Hagai Levi revisite les écrits d’Etty Hillesum, une intellectuelle juive néerlandaise dont le journal intime est devenu l’un des témoignages les plus célèbres de la Shoah.
Introduction
Une jeune femme s’attaque au fascisme non par les armes, mais par l’écriture. Avec Etty, Arte raconte l’histoire d’Esther Hillesum, une intellectuelle juive néerlandaise née en 1914 et assassinée à Auschwitz en 1943. La série, disponible sur arte.tv dès le 13 mai, sera ensuite diffusée sur Arte les jeudis 21 et 28 mai à 21 heures. Elle découpe en six épisodes un film sorti en salles le 6 mai.
Présentée par la chaîne comme le portrait d’une « héroïne moderne », Etty porte la signature d’Hagai Levi, créateur de En thérapie, The Affair et Scènes de la vie conjugale. Julia Windischbauer incarne Etty Hillesum face à Sebastian Koch dans le rôle de Julius Spier. Leopold Witte, Gijs Naber, Claire Bender et Evgenia Dodina complètent notamment la distribution.
Quelle est la part de fiction et de réalité ?
Etty s’inspire du véritable destin d’Etty Hillesum, dont les journaux – rédigés à partir de 1941 – ont été publiés après la guerre, sous le titre Une vie bouleversée.

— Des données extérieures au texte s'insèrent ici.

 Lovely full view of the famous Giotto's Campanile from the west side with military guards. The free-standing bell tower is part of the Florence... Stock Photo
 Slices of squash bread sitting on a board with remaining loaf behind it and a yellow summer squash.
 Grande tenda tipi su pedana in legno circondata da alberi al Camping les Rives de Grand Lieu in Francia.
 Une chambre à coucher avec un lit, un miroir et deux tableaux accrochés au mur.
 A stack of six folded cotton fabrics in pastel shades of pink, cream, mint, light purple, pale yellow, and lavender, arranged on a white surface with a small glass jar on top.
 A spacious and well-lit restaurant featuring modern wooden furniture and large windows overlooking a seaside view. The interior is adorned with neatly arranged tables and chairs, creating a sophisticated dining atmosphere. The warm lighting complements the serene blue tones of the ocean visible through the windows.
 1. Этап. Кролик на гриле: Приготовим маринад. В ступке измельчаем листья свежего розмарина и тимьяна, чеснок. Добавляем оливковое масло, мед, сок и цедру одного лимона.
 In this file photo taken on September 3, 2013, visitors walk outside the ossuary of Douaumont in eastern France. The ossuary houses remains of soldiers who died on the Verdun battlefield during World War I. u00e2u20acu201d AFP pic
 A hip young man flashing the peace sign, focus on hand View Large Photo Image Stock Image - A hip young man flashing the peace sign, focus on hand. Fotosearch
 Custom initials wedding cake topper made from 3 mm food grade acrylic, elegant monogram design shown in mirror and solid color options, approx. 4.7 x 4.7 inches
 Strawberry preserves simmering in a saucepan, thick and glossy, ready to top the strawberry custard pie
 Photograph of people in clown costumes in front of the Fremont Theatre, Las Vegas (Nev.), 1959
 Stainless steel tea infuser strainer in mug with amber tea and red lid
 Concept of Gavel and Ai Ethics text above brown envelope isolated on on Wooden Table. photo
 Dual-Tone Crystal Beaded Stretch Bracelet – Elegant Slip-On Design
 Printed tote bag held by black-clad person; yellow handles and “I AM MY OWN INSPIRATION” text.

Étudiante en droit, passionnée de littérature russe, de psychologie et de philosophie, elle vit à Amsterdam lorsque les Pays-Bas sont occupés par l’Allemagne nazie. Sa rencontre avec Julius Spier, psychologue et chirologue, la pousse à tenir un journal.
Ce sont ces textes qui ont attiré Hagai Levi. Aux Inrockuptibles, le scénariste raconte avoir d’abord vécu « une rencontre esthétique avec le livre ». « Si ce livre a changé ma vie, c’est parce qu’il m’a donné un sens de l’autonomie, très spécifique », explique-t-il. Etty n’est pas seulement une figure de la Shoah : elle est une femme qui tente de préserver sa liberté intérieure au moment où le monde se referme autour d’elle.
Que raconte la série ?
La série met à l’écran une Amsterdam occupée, où les persécutions antijuives progressent par étapes. Etty travaille un temps pour le Conseil juif d’Amsterdam, structure créée sous contrôle nazi, avant de demander à rejoindre le camp de transit de Westerbork pour venir en aide aux personnes internées. « Etty n’a pas souhaité mourir, elle ne pensait pas être tuée. Elle a voulu travailler dans ce camp pour aider les autres », précise Levi. Déportée à Auschwitz en septembre 1943 avec sa famille, elle y meurt quelques semaines plus tard.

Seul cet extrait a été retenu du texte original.